- [Extracted records]:
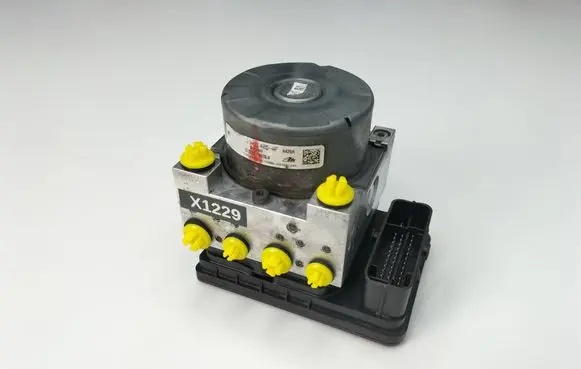 Ford Fiesta ABS Pump D1B12C405AF 10022006784 D1B12C013BD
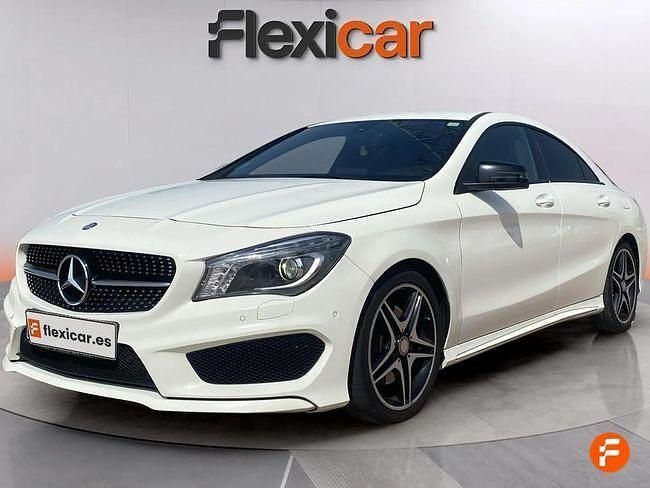 Usado Mercedes CLA220 AMG line 177 CV (130 kW) 2016 Blanco Berlina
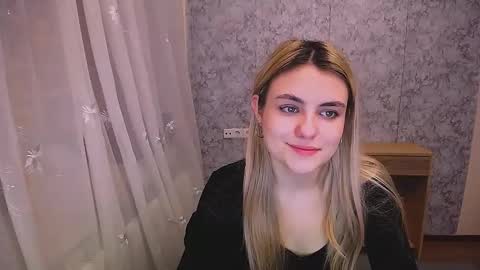 shy_sabrina_ online show from February 7, 2025, 8:33 am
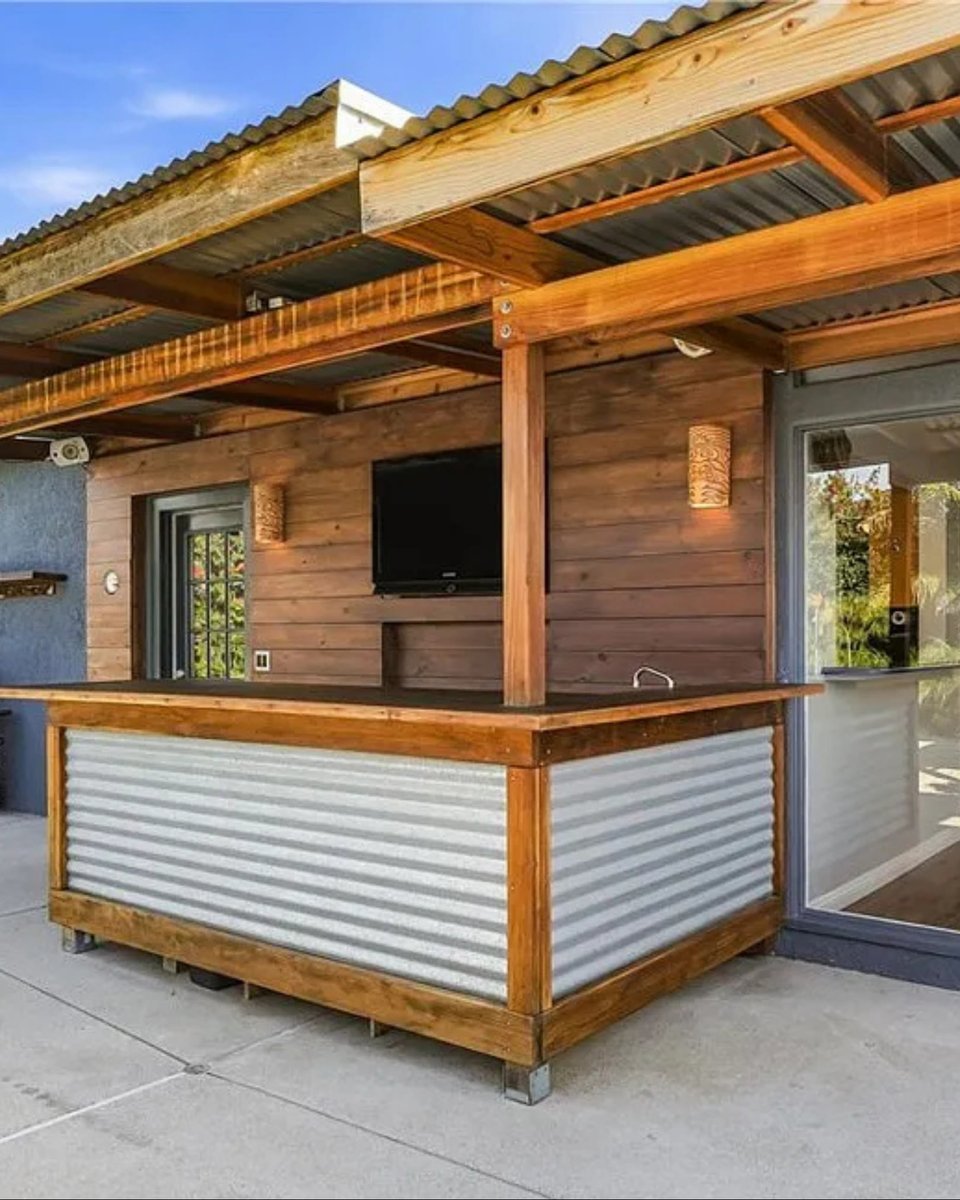 A19Lighting's tweet photo. There’s something about a well-lit entertainment backyard that makes a moment feel like you're on an island. The TIki Sconce in Amber Palm captures that feeling perfectly. Warm light, open air, and time well spent.

Explore it at https://t.co/1rKd53YbBQ https://t.co/oqVAl0komr https://t.co/wj2VAh4xdv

- [ASSIGNED TASK]: The answer must consist solely of the lines from the first line of the records through the line containing "shy_sabrina_ online show", reproduced exactly and without the pictures.

- [SOLUTION FOR THIS EXERCISE]:
 Ford Fiesta ABS Pump D1B12C405AF 10022006784 D1B12C013BD
 Usado Mercedes CLA220 AMG line 177 CV (130 kW) 2016 Blanco Berlina
 shy_sabrina_ online show from February 7, 2025, 8:33 am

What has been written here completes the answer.